··· STUDY MATERIAL ···
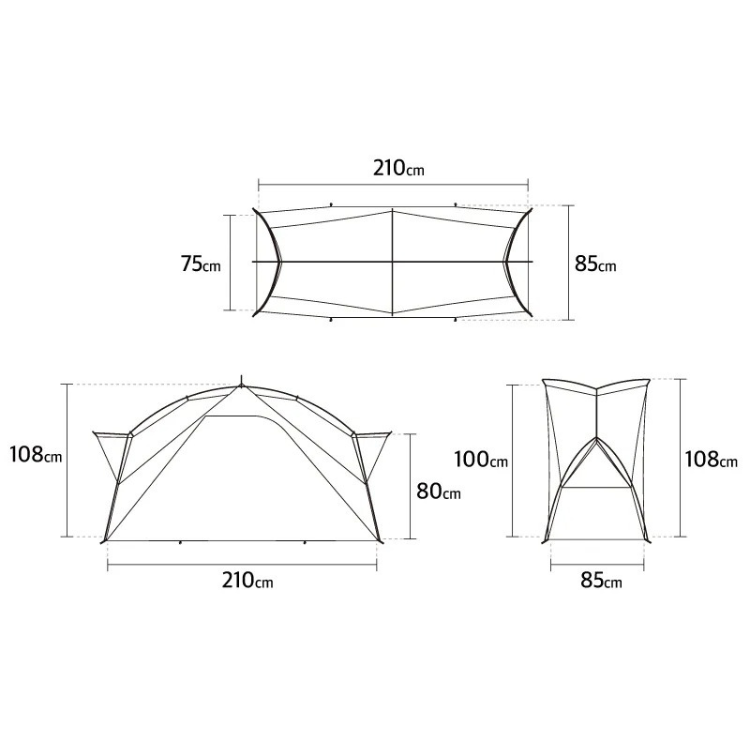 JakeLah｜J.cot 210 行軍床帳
···
··· STUDY MATERIAL ···
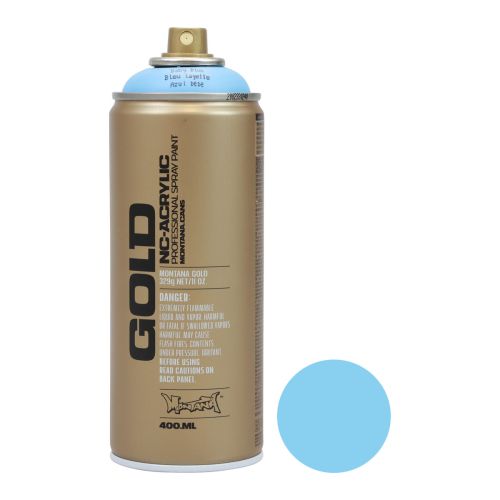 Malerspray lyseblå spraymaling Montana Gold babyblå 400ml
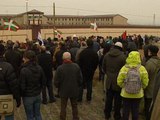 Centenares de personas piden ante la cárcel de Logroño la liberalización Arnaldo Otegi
···
» TASK OBJECTIVE
To complete this exercise, transcribe exactly the lines above from the one that holds "Malerspray lyseblå spraymaling" through the one that holds "Centenares de personas". Pictures stay out.

» SOLUTION FOR THIS PROBLEM
 Malerspray lyseblå spraymaling Montana Gold babyblå 400ml
 Centenares de personas piden ante la cárcel de Logroño la liberalización Arnaldo Otegi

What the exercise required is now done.